Sąd Najwyższy uznał, że europoseł PiS Ryszard Legutko musi przeprosić w prasie dwójkę studentów warszawskich uczelni. W 2009 roku polityk nazwał ich "rozwydrzonymi smarkaczami" po tym, jak domagali się usunięcia symboli religijnych ze szkoły.

Sąd oddalił skargę kasacyjną złożoną przez polityka. Zdecydował też, że Legutko będzie musiał wpłacić 5 tysięcy złotych na cel społeczny. W uzasadnieniu decyzji wskazano, że bez żadnych wątpliwości doszło tu do naruszenia dóbr osobistych. Podkreślono też, że z racji statusu europosła - profesora wyższej uczelni, filozofa, byłego wysokiego funkcjonariusza publicznego, opinie wygłaszane publicznie przez Legutkę mogły być uznane za szczególne krzywdzące.

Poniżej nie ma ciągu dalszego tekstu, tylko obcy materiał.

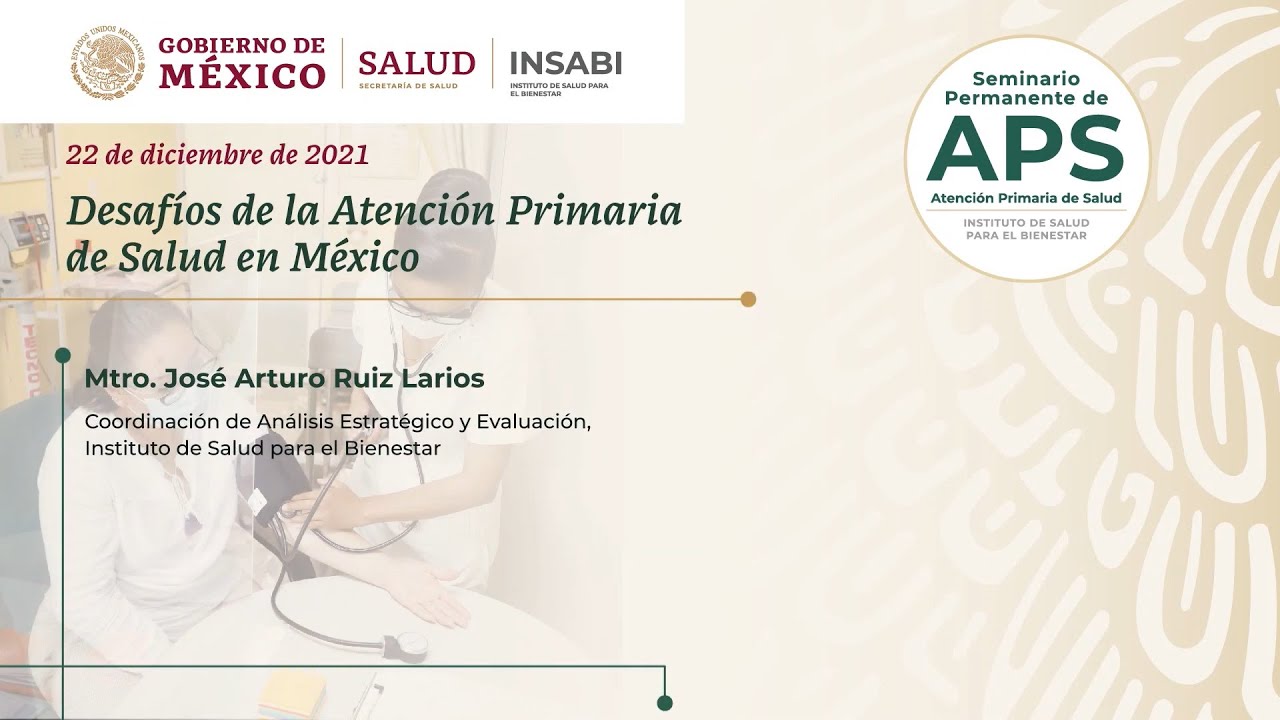 Desafíos de la Atención Primaria de Salud en México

Spór europosła z dwójką młodych ludzi dotyczył petycji, którą w listopadzie 2009 roku ówcześni uczniowie klasy maturalnej XIV LO we Wrocławiu złożyli do dyrektora szkoły. Chodziło o usunięcie symboli religijnych z placówki. W liceum odbyła się debata na ten temat, ale symbole religijne pozostały. Legutko, były minister edukacji, w publicznych wypowiedziach nazwał uczniów "rozpuszczonymi smarkaczami", a ich działania "typową szczeniacką zadymą". Mówił też o "rozwydrzonych i rozpuszczonych przez rodziców smarkaczach".

Uczniowie uznali, że poseł naruszył ich dobra osobiste i skierowali sprawę do sądu. Początkowo polityk zasłaniał się immunitetem. Takie postępowanie nie przekonało sądu, który stwierdził, że jego wypowiedzi nie mieściły się w zakresie sprawowania przez niego funkcji europosła.